Обсуждение: Improving a simple query?

От:
Steve Wampler
Дата:

I'm not an SQL or PostgreSQL expert.

I'm getting abysmal performance on a nested query and
need some help on finding ways to improve the performance:

Background:
              RH 8.0 dual-CPU machine (1.2GHz athlon)
              Postgresql 7.2
              1GB ram
              (Machine is dedicated to postgres, so there's
              not much else running.)

The table has ~500K rows.

Table definition:

     lab.devel.configdb=# \d attributes_table
                  Table "attributes_table"
      Column |           Type           |   Modifiers
     --------+--------------------------+---------------
      id     | character varying(64)    | not null
      name   | character varying(64)    | not null
      units  | character varying(32)    |
      value  | text                     |
      time   | timestamp with time zone | default now()
     Indexes: id_index,
              name_index
     Primary key: attributes_table_pkey
     Triggers: trigger_insert

View definition:
     lab.devel.configdb=# \d attributes;
                  View "attributes"
      Column |         Type          | Modifiers
     --------+-----------------------+-----------
      id     | character varying(64) |
      name   | character varying(64) |
      units  | character varying(32) |
      value  | text                  |
     View definition: SELECT attributes_table.id,
                 attributes_table.name, attributes_table.units,
                 attributes_table.value FROM attributes_table;

Query:

 select * from attributes_table where id in (select id from
      attributes where (name='obsid') and (value='oid00066'));

Now, the inner SELECT is fast:
  lab.devel.configdb=# explain analyze select id from attributes
      where (name='obsid') and (value='oid00066');
  NOTICE:  QUERY PLAN:

  Index Scan using name_index on attributes_table
     (cost=0.00..18187.48 rows=15 width=25)
     (actual time=0.33..238.06 rows=2049 loops=1)
  Total runtime: 239.28 msec

  EXPLAIN

But the outer SELECT insists on using a sequential scan [it should
pick up about 20K-40K rows (normally, access is through a
script].

How slow?  Slow enough that:

  explain analyze select * from attributes_table where id in
    (select id from attributes where (name='obsid') and
                                          (value='oid00066'));

hasn't completed in the last 15 minutes.

Removing the analyze gives:

lab.devel.configdb=# explain select * from attributes_table where
     id in (select id from attributes where (name='obsid') and
                                                  (value='oid00066'));
  NOTICE:  QUERY PLAN:

  Seq Scan on attributes_table
  (cost=100000000.00..8873688920.07   rows=241201 width=59)
    SubPlan
      ->  Materialize  (cost=18187.48..18187.48 rows=15 width=25)
            ->  Index Scan using name_index on attributes_table
                (cost=0.00..18187.48 rows=15 width=25)

  EXPLAIN

Obviously, something is forcing the outer select into a
sequential scan, which is what I assume is the bottleneck
(see above about lack of expert-ness...).

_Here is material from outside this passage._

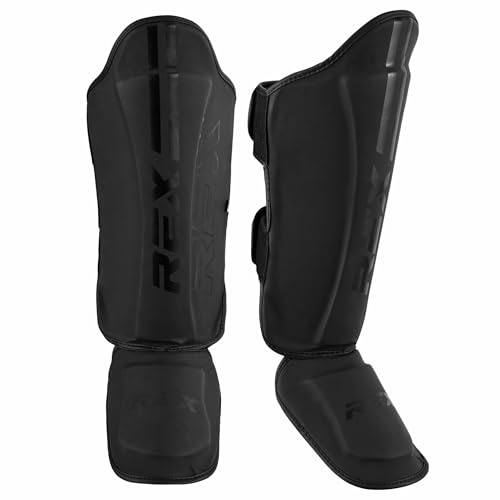 Rex Boxing Shin Guard Muay Thai Instep Leg Protector for Martial Arts, Kickboxing, BJJ, Karate, PU Leather reinforced MMA Shin Instep (FULL BLACK, L)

I've played with the settings in postgresql.conf, using
the on-line performance tuning guide:

  shared_buffers = 8192            # 2*max_connections, min 16
  max_fsm_relations = 1000         # min 10, fsm is free space map
  max_fsm_pages = 10000            # min 1000, fsm is free space map
  max_locks_per_transaction = 128 # min 10
  wal_buffers = 64                  # min 4
  sort_mem = 128                    # min 32
  vacuum_mem = 4096                # min 1024
  wal_files = 32 # range 0-64 (default was 0)
  effective_cache_size = 96000  # default in 8k pages
  random_page_cost = 3

but haven't noticed an significant change with these settings
over more conservative settings.

Any suggestions?  Is there a better way to phrase the query
that would provide order-of-magnitude improvement?

Thanks!
Steve

--
Steve Wampler -- 
Quantum materiae materietur marmota monax si marmota
                    monax materiam possit materiari?

От:
"Richard Huxton"
Дата:

> I'm not an SQL or PostgreSQL expert.
>
> I'm getting abysmal performance on a nested query and
> need some help on finding ways to improve the performance:
[snip]
>  select * from attributes_table where id in (select id from
>       attributes where (name='obsid') and (value='oid00066'));

This is the classic IN problem (much improved in 7.4 dev I believe). The
recommended approach is to rewrite the query as an EXISTS form if
possible. See the mailing list archives for plenty of examples.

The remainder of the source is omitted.